Io credo che la gente abbia bisogno di testimonianze e non più di parole: c’è bisogno di sobrietà e autorevolezza e anche di fare cose che non sono più rinviabili. Voglio dire che adesso dobbiamo pensare innanzitutto al tema del lavoro, il che vuol dire pensare agli esodati così come ai precari, ma soprattutto ai giovani: oggi solo 1 su 5 lavora e questo vuol dire che i nostri ragazzi non sono in grado di fare alcun progetto di vita. Molte donne hanno persino smesso di cercarlo, il lavoro. Inoltre penso – senza voler fare demagogia – che non si possano più chiedere sacrifici a chi non sa più a quali risorse attingere per farli: senza colpevolizzare nessuno, dobbiamo renderci conto che non esistono degli intoccabili e che i sacrifici bisogna farli tutti.

 

 

Personalmente lei cosa pensa del Governo Monti, come si sentirebbe a dovercisi alleare e come lo spiegherebbe ai suoi elettori?

Sono convinta che molte cose, in questo ultimo scorcio di legislatura, andavano fatte diversamente. Tuttavia sono pure convinta che bisogna riconoscere che era necessario questo passaggio e mi dispiace che la gente abbia dimenticato che la colpa non è di questo Governo ma di qualcuno che per vent’anni – e fino a pochi giorni prima di dimettersi – ha massacrato il nostro Paese e lo ha riempito di illusioni. È vero che ci sono alcune cose non condivisibili a cui si dovrà mettere mano (innanzitutto la questione delle pensioni) però non possiamo nemmeno dimenticare cosa ha ereditato Monti.

E mi piace ricordare che il Pd, nonostante l’anno scorso avrebbe potuto guardare al proprio interesse e chiedere le elezioni con la certezza di vincerle, ha dimostrato che c’è un amore più grande rispetto a quello per il proprio partito ed è l’amore per il proprio Paese.
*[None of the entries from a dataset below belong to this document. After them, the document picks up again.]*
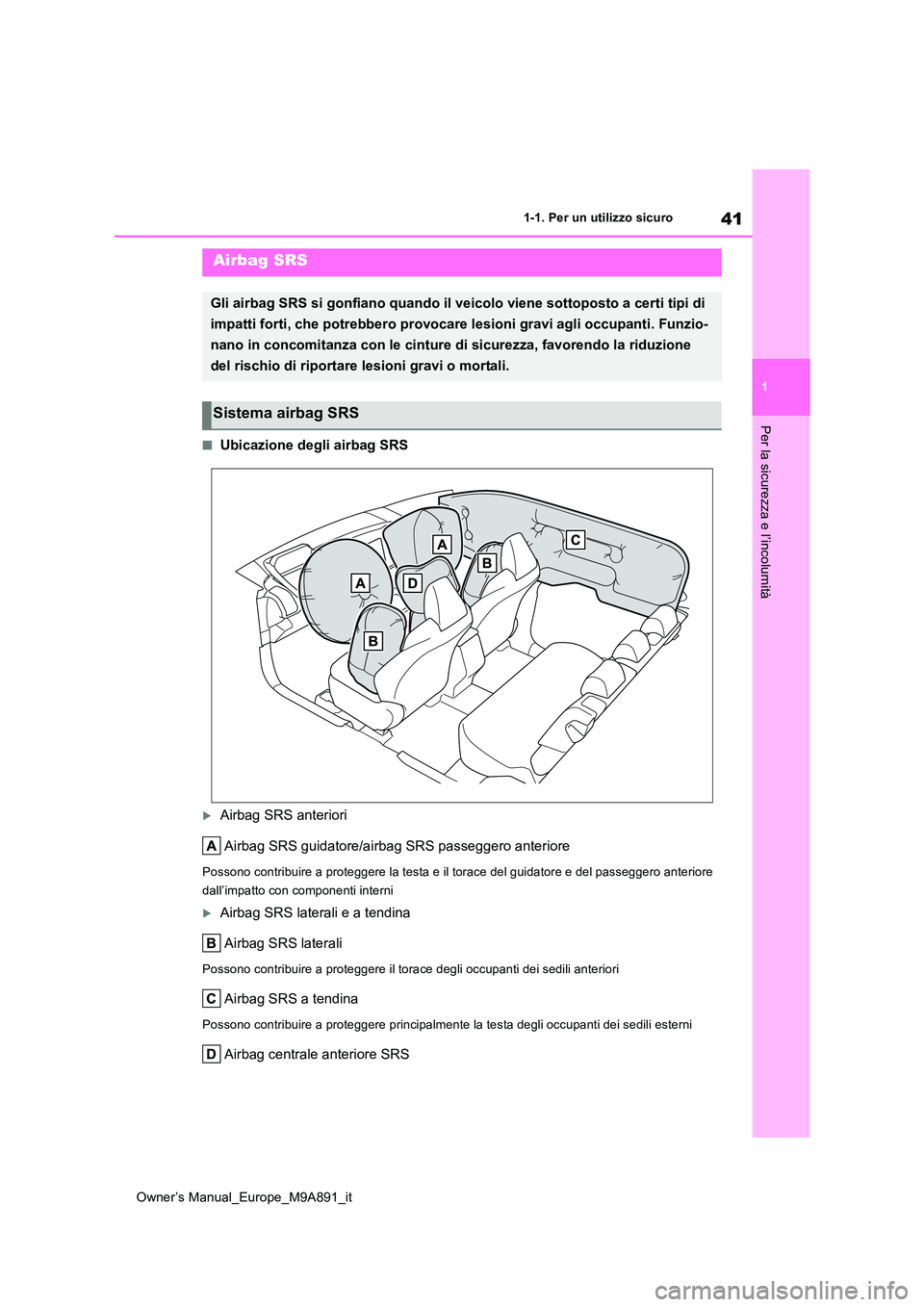TOYOTA BZ4X 2023  Manuale duso (in Italian) 41
1
Owner’s Manual_Europe_M9A891_it
1-1. Per un utilizzo sicuro
Per la sicurezza e l’incolumità
■Ubicazione degli airbag SRS
Airbag SRS anteriori 
Airbag SRS guidatore/airbag SRS passeggero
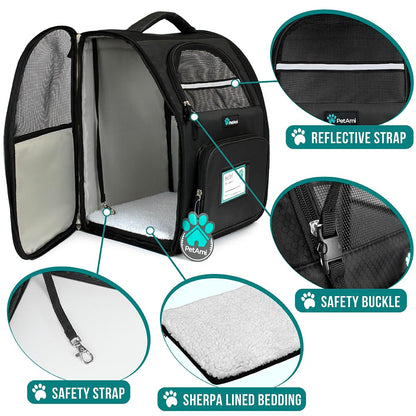 PetAmi Dog Backpack Carrier – Ventilated, Airline-Approved Pet Carrier for Cats & Dogs Up to 18 lbs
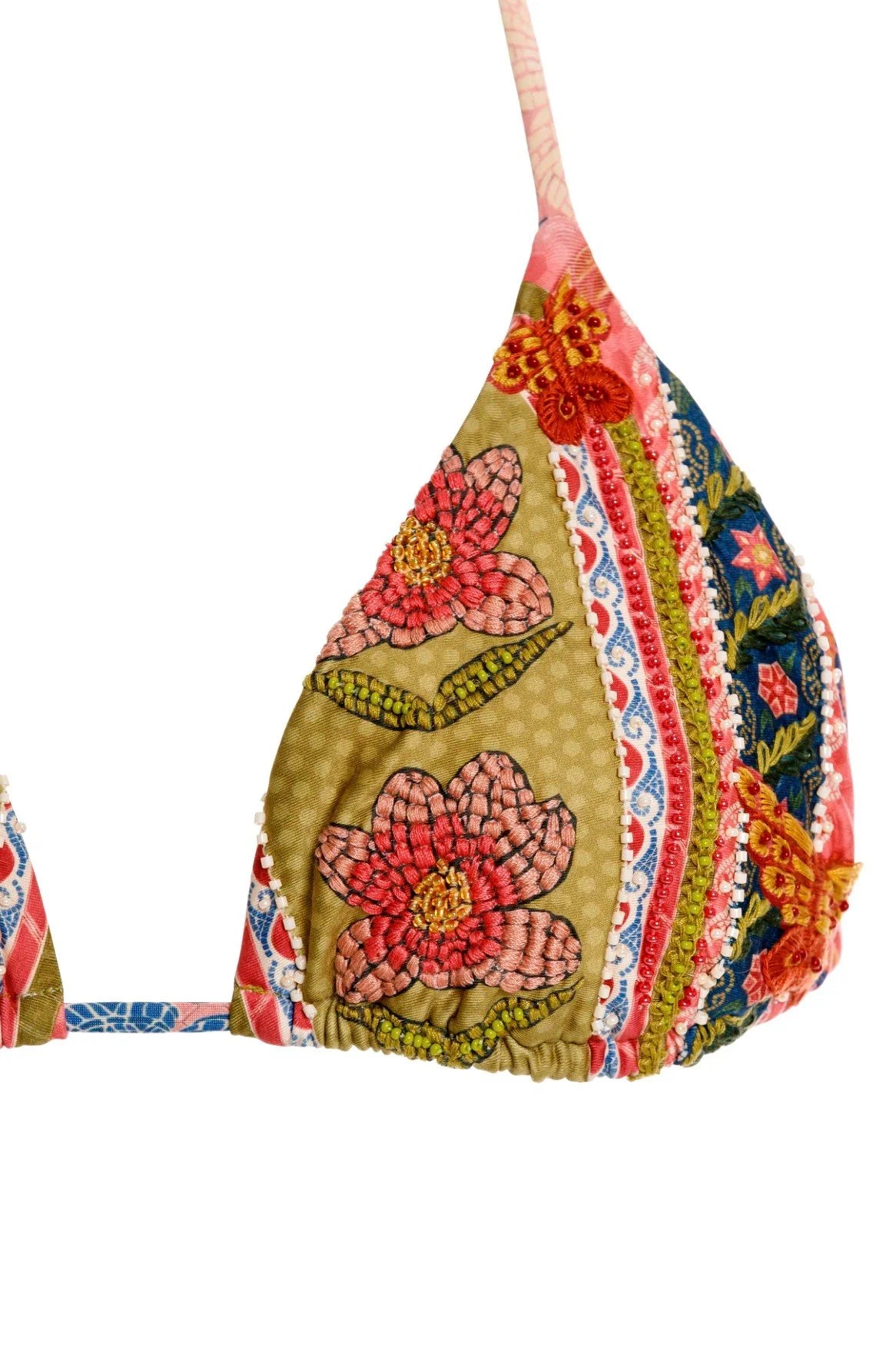 Beaded adjustable triangle top in multicolor print
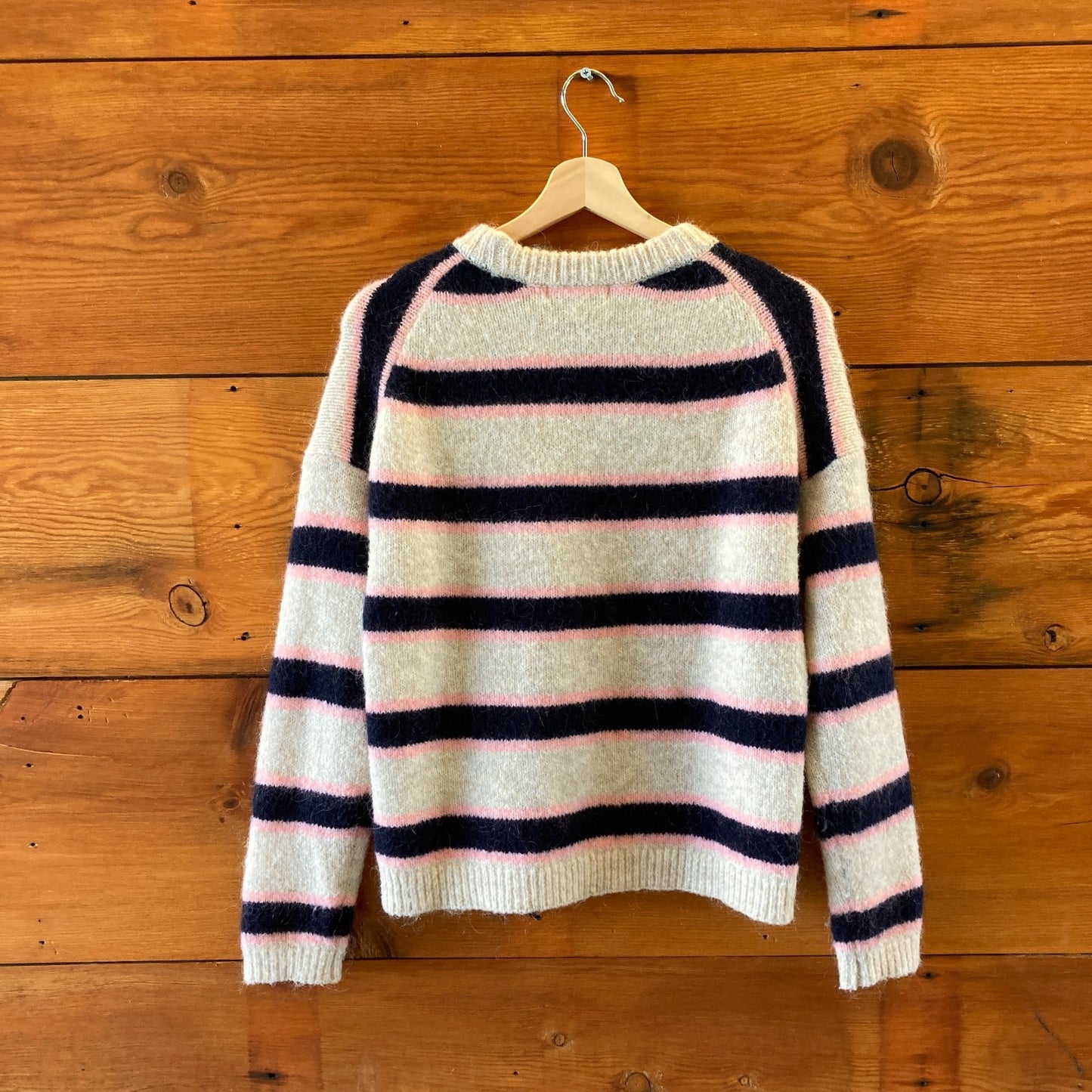 Boden Oatmeal Navy Pink Stripe Rosemary Relaxed Sweater - Size XS - 1113MF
Adesso, certamente, sarà cura del prossimo Governo correggere le cose che è necessario correggere: mi stanno particolarmente a cuore la legge contro la corruzione e le misure contro l’evasione fiscale.

 

 

Se dovesse indicare a Bersani tre priorità per la Sicilia, cosa gli direbbe?

Certamente è una evenienza straordinaria che, in caso di vittoria di Bersani, possa realizzarsi una piena sinergia politica tra il Governo della Regione e quello nazionale: immagino che tutti insieme possiamo dare a questo territorio le risposte che aspetta.
Ovviamente è assolutamente prioritaria la questione degli aeroporti di Catania e Comiso: è insopportabile pensare di chinare il capo di fronte a questo ennesimo sopruso che rischiamo subire e ad un’Europa che, peraltro, si dimostra davvero schizofrenica disconoscendo strutture su cui ha già investito moltissimi fondi. Peraltro nella nostra provincia priva di autostrade e percorsa ancora dalle littorine laddove al Nord litigano sulla Tav, si tratta di una priorità di sopravvivenza economica. È necessario dare occasioni di respiro a una terra che ha ricchezze straordinarie.